Unfortunately, you can’t take a zombie’s face to an oven plate or smack them against a railing as these Yakuza-style context-sensitive moves were taken out of Dead Souls. At least you can still grab objects in the environment like oil drums and bicycles and use them as weapons.
It also wouldn’t be a good zombie game without some kind of weapon upgrade/modding system. As an additional incentive to kill every zombie you come across, the undead will occasionally drop the loot needed for modding. While it doesn’t have the creative DIY depth of Dead Rising, it is fun to work with a socially challenged weapons merchant who can be compensated with collectable figurines.
It’s all this collecting that made Yakuza 4 one of those action games where you can play for over a hundred hours, and this applies to Dead Souls. That’s if you have any interest in the side missions and the myriad mini-games; if you played Yakuza 4 you’ll recognize many of the same sports and card games, and both reward you for eating every dish in the restaurants. Thankfully some of the familiar optional gameplay has been modified to be relevant to the zombie presence.
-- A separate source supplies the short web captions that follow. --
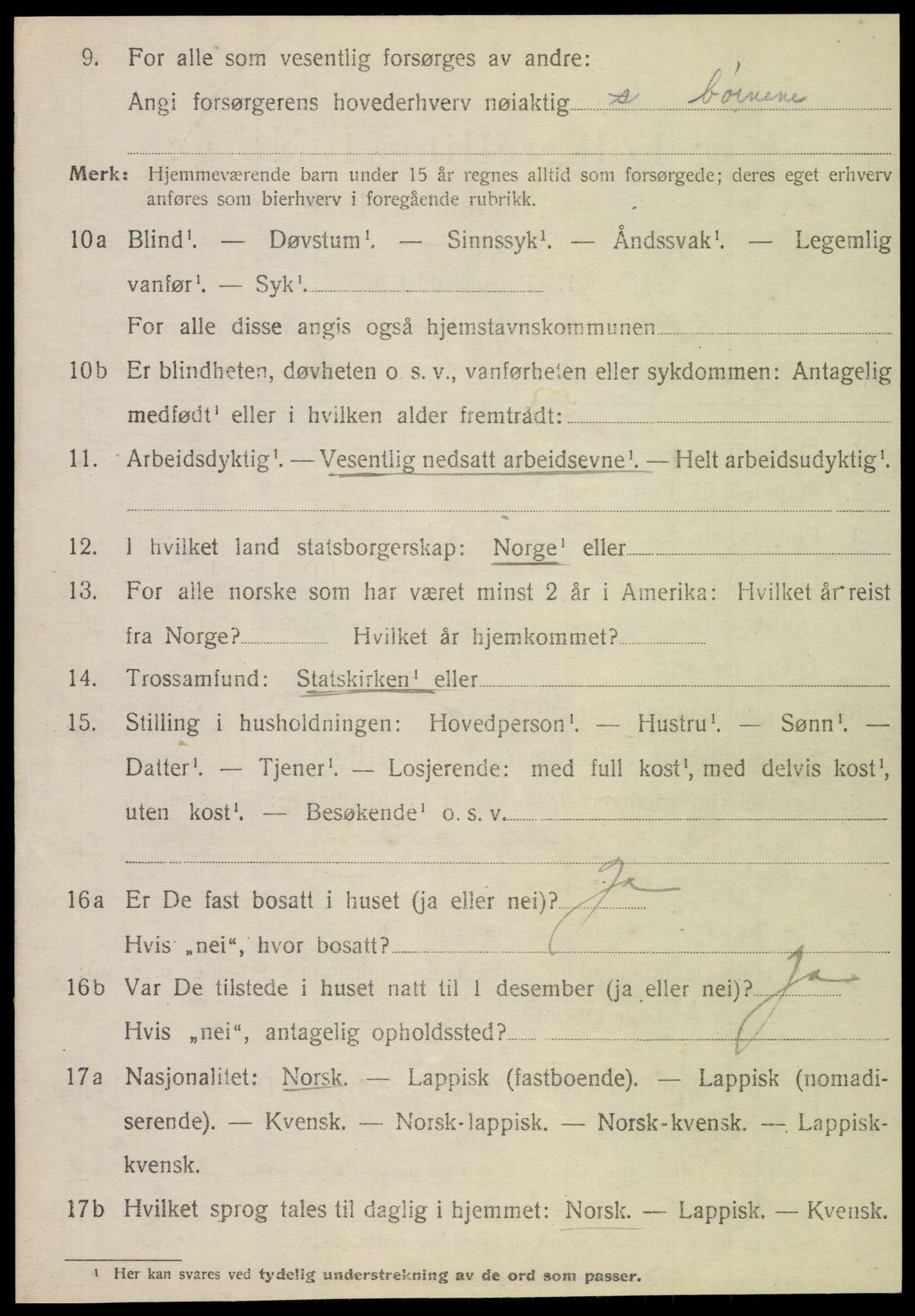 SAT, 1920 census for Alstahaug, 1920, p. 1238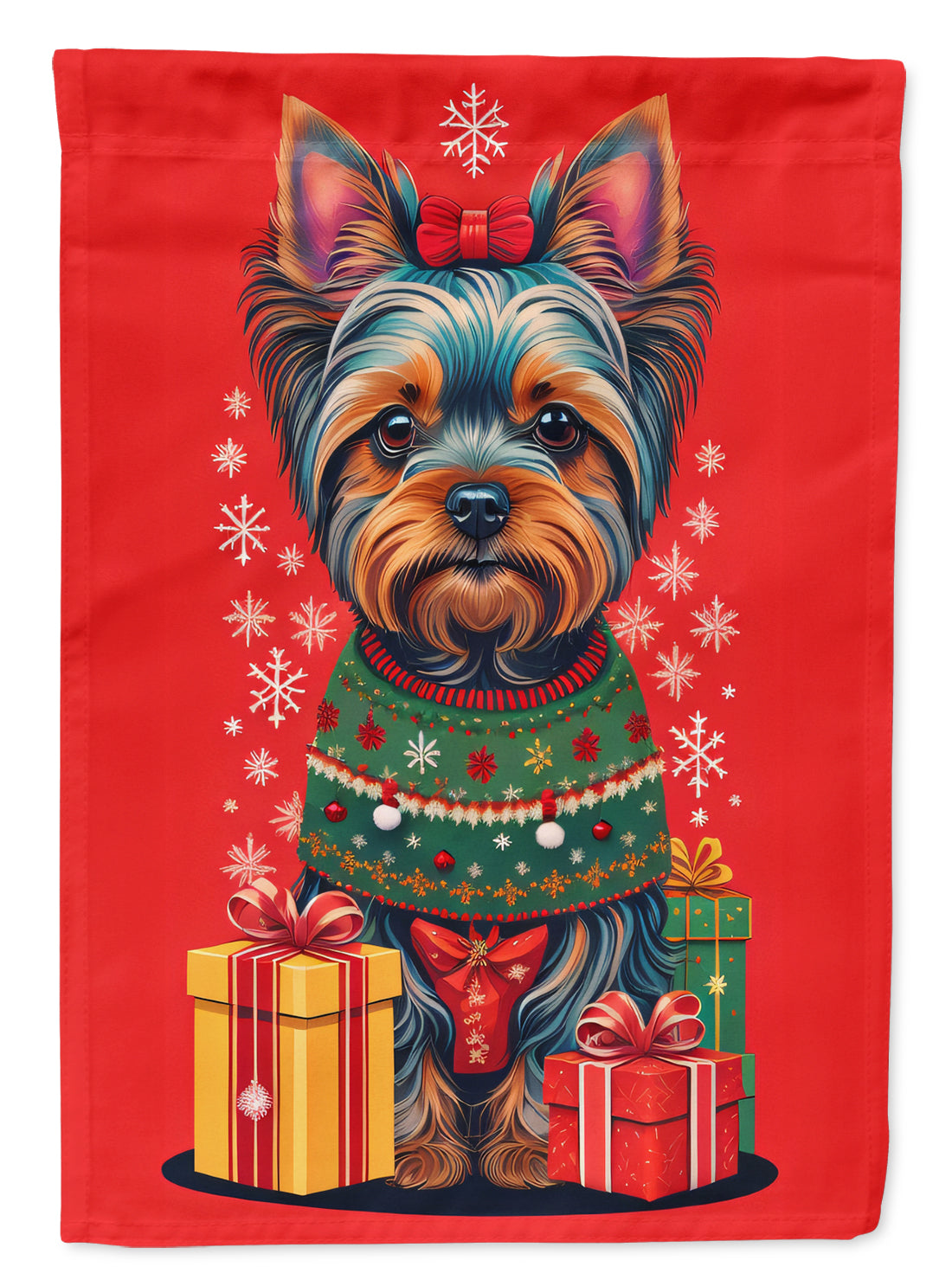 Buy this Yorkshire Terrier Griffon Holiday Christmas House Flag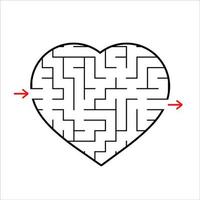 Abstract heart shaped labyrinth. Game for kids. Puzzle for children. One entrances, one exit. Maze conundrum. Simple flat vector illustration isolated on white background.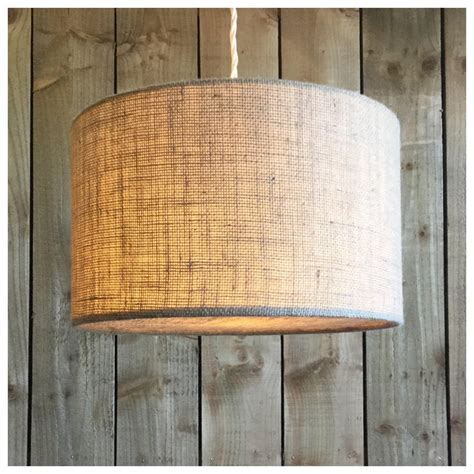 Natural Hessian Lampshade With Hessian Diffuser - Etsy UK | Drum lampshade, Ceiling lamp shades ...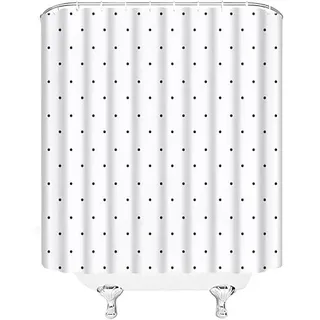 okoikfc Duschvorhang 180x180cm Schwarze Und Weiße Punkte, 3D Duschvorhang Anti-Schimmel Punkte, Shower Curtains Polyester Wasserdicht Duschvorhänge für Badezimmer, Bad Vorhang mit 12 Haken b1367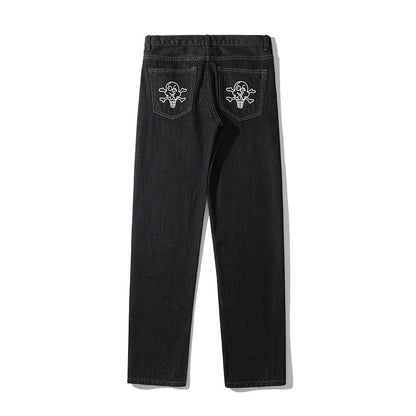 sanyamk Dog Print Straight Loose Jeans Mens Retro High Street Oversize Casual Denim Trousers Harajuku Washed Hip Hop Jean Pants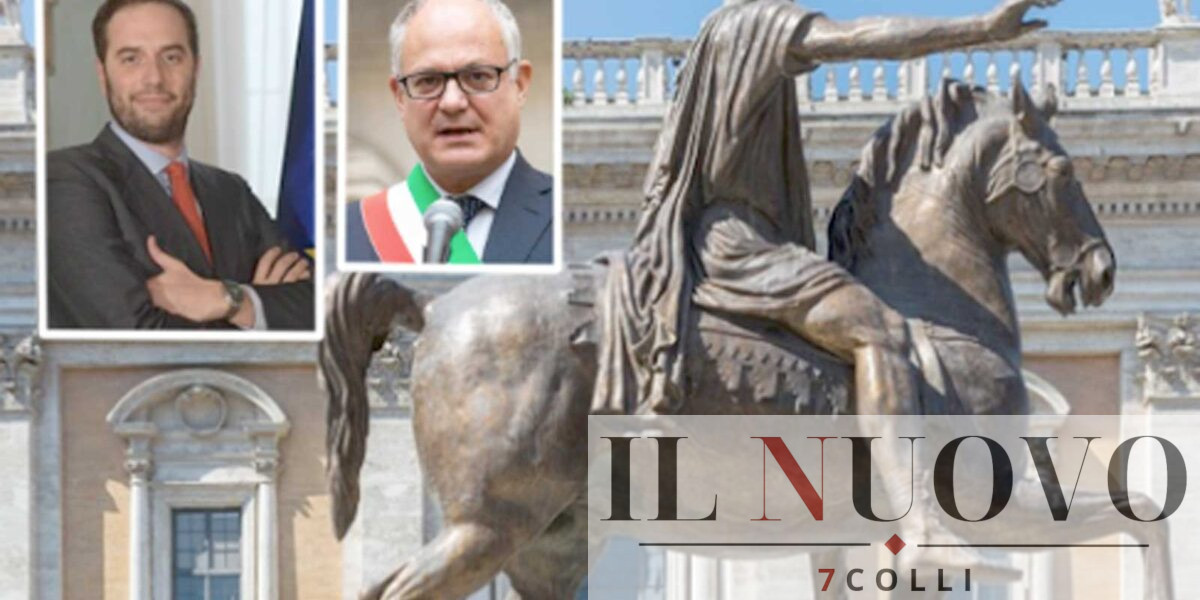 Roma, sullo sfondo il Marco Aurelio di piazza del Campidoglio, in primo piano l'assessore Zevi e il sindaco Gualtieri
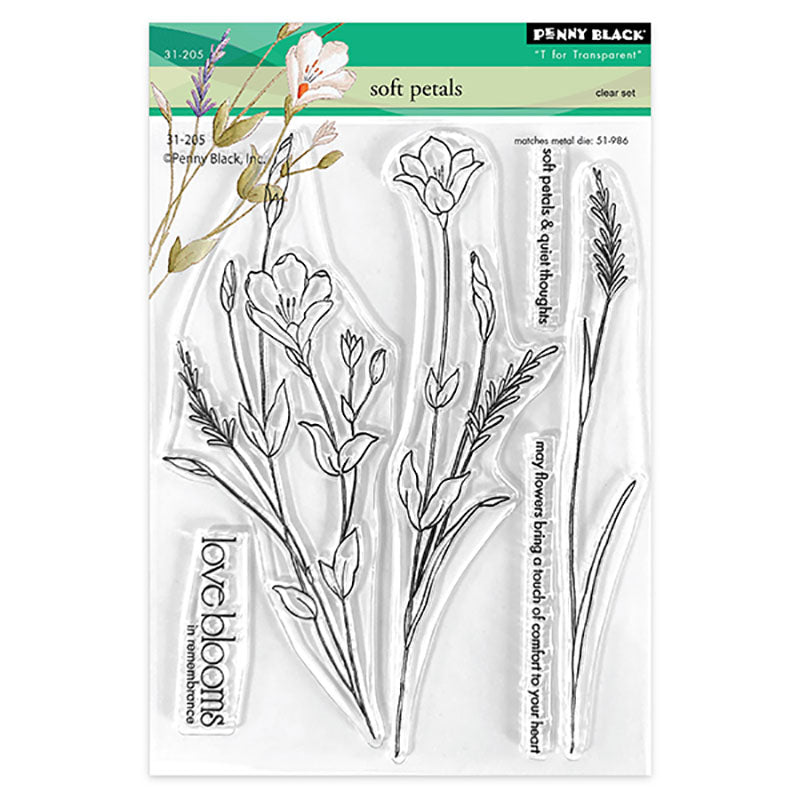 Penny Black Clear Stamps Soft Petals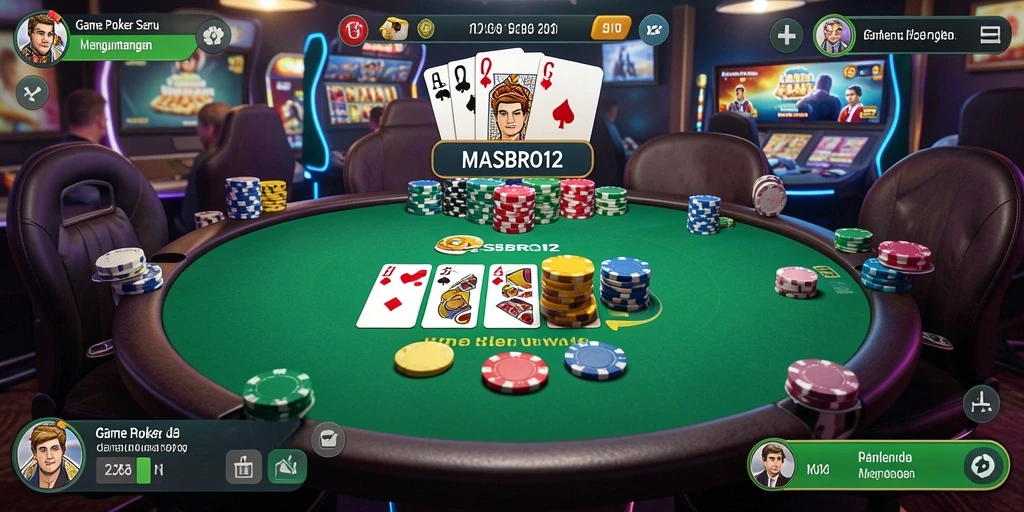 Tampilan utama gameplay poker di MASBRO12 yang menarik.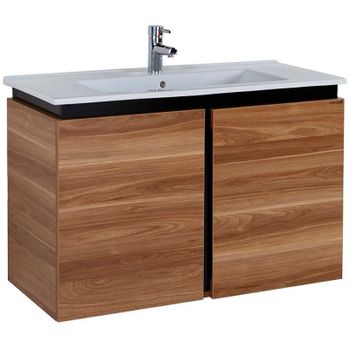 Тумба с раковиной Creavit Verti 100 VE0100.42.VV подвесная Орех — фото 1, Тумбы с раковиной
Many citizens will have specific problems or errands related to the outbreak and you’re always rewarded with experience (and the occasional special item). There’s also a lady in a café who has special zombie combat missions, such as getting 100 headshots. Overall these make for some fine stat-building deviations from the main story.
I would certainly recommend improving the characters’ stats since some of the combat settings of Dead Souls—like past Yakuza games—are not camera friendly. With urban settings comes indoor environments and it’s often been a challenge to manage the camera during difficult boss fights. I get through the boss fights the same way I have done in the past: boost my stats and stock up on health drinks. It should be noted that stats do carry over to each playable character as you progress through the game.
Sega has certainly gotten a lot of mileage out of Kamurocho. Its walkable urban charm, neon ambiance, and architectural details make it easy to revisit, having appeared in three PlayStation 3 games. Further asserting that this Dead Souls isn’t a throwaway expansion, Sega did a good job of making the zombie-infested sections of the city appear fittingly trashed and ruined. I also appreciated how the outbreak zone progressively takes over the map as you travel through the story.
Music has never been the series’ strong suit unless you’re a fan of guitar-driven SNK fighting game music, which is often heard during the Dead Souls’ exploration and zombie killing modes. I don’t even know how you’d classify Goro Majima’s battle theme, but I can tell you it’s unbearable after the fifth loop.
Not being fluent in Japanese, I can’t vouch for the quality of the voice acting, but not having an English dialogue option does save us the grief of hearing the kind of embarrassing voice work that was attempted in the original Yakuza. In conversations between gangsters, there’s the usual gruff and intense banter that’s also found in the other Yakuza games.
Conceptually, the Yakuza series might appear to have “jumped the shark,” but Sega has designed the game well enough and with such enthusiasm that you can’t help but be impressed. These Japanese mobsters treat the outbreak with the same seriousness as any encroaching business rival. The recycled setting and level design might’ve run its course after this game, but that’ll be something that the next installment will have to worry about. For now, the unlikely Yakuza series satisfies the need to kill lots of zombies while still retaining the franchises’ collectible-intensive depth.